The ensemble mean computed lake level, the 95% range, and the lake level computed from the selected realization are shown in Figure 10c. As expected, the lake-level ensemble median (Fig. 10c, black line) is similar to the lake level reconstructed by Bookman et al. (Reference Bookman, Enzel, Agnon and Stein2004; Fig. 10a). The arbitrarily selected single lake-level realization (green line in Fig. 10c) is smoother than the corresponding precipitation realization (blue line in Fig. 10b) but, as expected, it is still noisier than the lake-level ensemble median (black line in Fig. 10c). These realizations present smaller-scale rises and declines, reflecting random clusters of high or low precipitation amounts. It is clear from Figure 10c, as already mentioned earlier, that at low lake levels, the spread of the realizations is much larger than at high lake levels, resulting in the thicker gray area below the sill.
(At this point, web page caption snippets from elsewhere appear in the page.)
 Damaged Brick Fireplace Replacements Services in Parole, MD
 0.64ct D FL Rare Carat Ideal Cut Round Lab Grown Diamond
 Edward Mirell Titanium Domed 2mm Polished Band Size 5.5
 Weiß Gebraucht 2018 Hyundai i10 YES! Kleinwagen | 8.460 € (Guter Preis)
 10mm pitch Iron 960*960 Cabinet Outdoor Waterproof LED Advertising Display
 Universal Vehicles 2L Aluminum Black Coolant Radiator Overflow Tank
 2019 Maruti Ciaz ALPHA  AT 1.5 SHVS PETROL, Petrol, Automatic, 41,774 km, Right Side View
The MAP at the station (Kfar Giladi) varied in the range of 489–975 mm, i.e., 83–166% (63–125%) of the reference (present-day) MAP. The two driest intervals of the late Holocene are 1500–1200 BC and AD 755–890 (Fig. 10b). In these intervals, MAP declined to 83–88% (63–66%) of the reference (present-day) Kfar Giladi MAP. Under present-day climate, stations with a similar MAP are located at approximately 1° latitude (~100 km) south of Kfar Giladi (Fig. 1). We note that, due to the high interannual variance, precipitation in a single year could be much lower or higher than the MAP range. For example, consider the relatively dry interval of AD 850–1180 (Table 4): the annual precipitation in the realization presented in Figure 10b during this period reached a maximum of 1027 mm, which is considered a very wet year even under the present-day climate; i.e., extremes that are opposite to the general trend can occur, albeit rarely.
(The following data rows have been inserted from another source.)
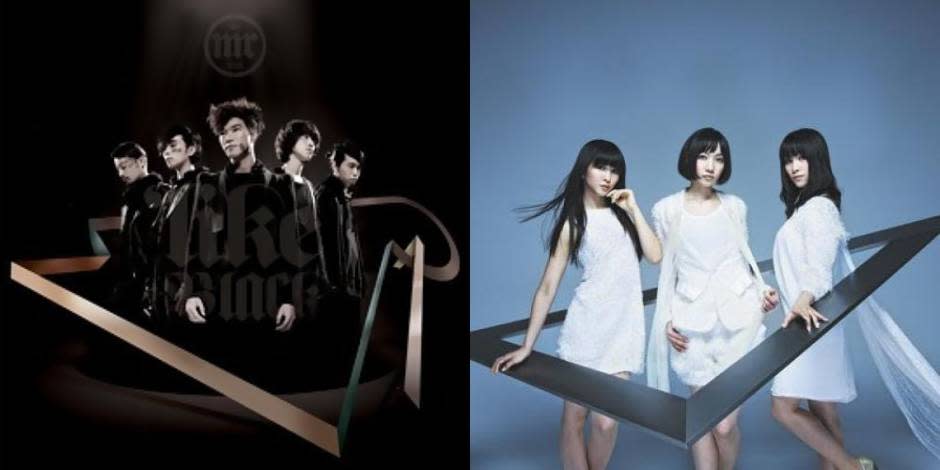 Mr.《Like Black》VS. Perfume《Triangle》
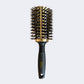 Dannyco Circular Porcupine Vented Brush – Boar & Nylon / Brosse circulaire ventilée Dannyco type porc-épic – sanglier et nylon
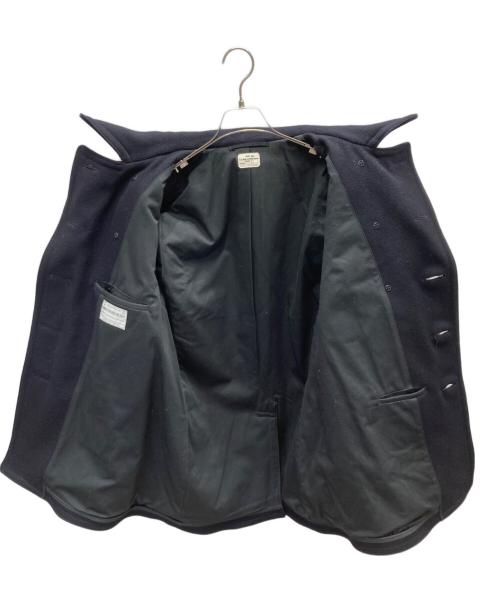 THE REAL McCOY'S（ザ・リアルマッコイズ）THE REAL McCOY'S (ザ・リアルマッコイズ) U.S.NAVY PEA COAT ネイビー サイズ:Lの古着・服飾アイテム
The late Holocene's wettest intervals are 2500–2460 BC, 130–40 BC, AD 350–490, and AD 1770–1940 (Fig. 10b). During these intervals, the Kfar Giladi MAP varied from 131–166% (99–125%) of its reference (present-day) MAP. In the present-day climate, stations with a similar MAP are located approximately 1° north of Kfar Giladi (Fig. 1). These 1° shifts in MAP indicate changes in the regional synoptic-scale conditions.
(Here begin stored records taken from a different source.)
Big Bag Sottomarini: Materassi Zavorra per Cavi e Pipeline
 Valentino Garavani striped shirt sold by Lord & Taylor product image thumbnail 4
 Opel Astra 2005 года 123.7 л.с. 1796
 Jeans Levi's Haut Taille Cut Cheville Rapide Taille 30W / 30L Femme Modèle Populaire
The modern Levant annual precipitation is spatially coherent (Fig. 4; Enzel et al., Reference Enzel, Bookman (Ken Tor), Sharon, Gvirtzman, Dayan, Ziv and Stein2003). Therefore, we postulate that the identified MAP trends over the past 4500 yr (Fig. 10b) are applicable to the entire Levant. These changes in MAP are most likely related to changes in tracking and frequency of eastern Mediterranean cyclones (Enzel et al., Reference Enzel, Bookman (Ken Tor), Sharon, Gvirtzman, Dayan, Ziv and Stein2003; Saaroni et al., Reference Saaroni, Halfon, Ziv, Alpert and Kutiel2010). Principal component analysis of annual precipitation (1923–2012) in the eastern Mediterranean (Fig. 11) applied to data from the GPCC data set (Schneider et al., Reference Schneider, Becker, Finger, Meyer-Christoffer, Ziese and Rudolf2014) shows that the second component (explaining 10% of the variance) is related to precipitation in the Levant region; it is the only component with a correlation of >0.5 with annual precipitation in Kfar Giladi (Fig. 11b). Therefore, it is suggested that this mode is controlled by the southeastern storm track over the Mediterranean. It is further postulated that, during intervals characterized by high regional MAP, this component is strong in most years, whereas the southeastern storm track component is weak during low MAP intervals. Further research is required to examine this assumption.

Figure 11.

(color online) The first four principal components of annual precipitation (September–August) for 1923–2012 from Global Precipitation Climatology Centre 0.5° monthly precipitation data (Schneider et al., Reference Schneider, Becker, Finger, Meyer-Christoffer, Ziese and Rudolf2014). Colors represent principal component loadings. The principal components explained the variance, and the correlation (R) of its scores with annual precipitation at Kfar Giladi station are shown. The second principal component (b) is related to precipitation in the Levant region; it is the only component with R>0.5 with the Kfar Giladi annual precipitation.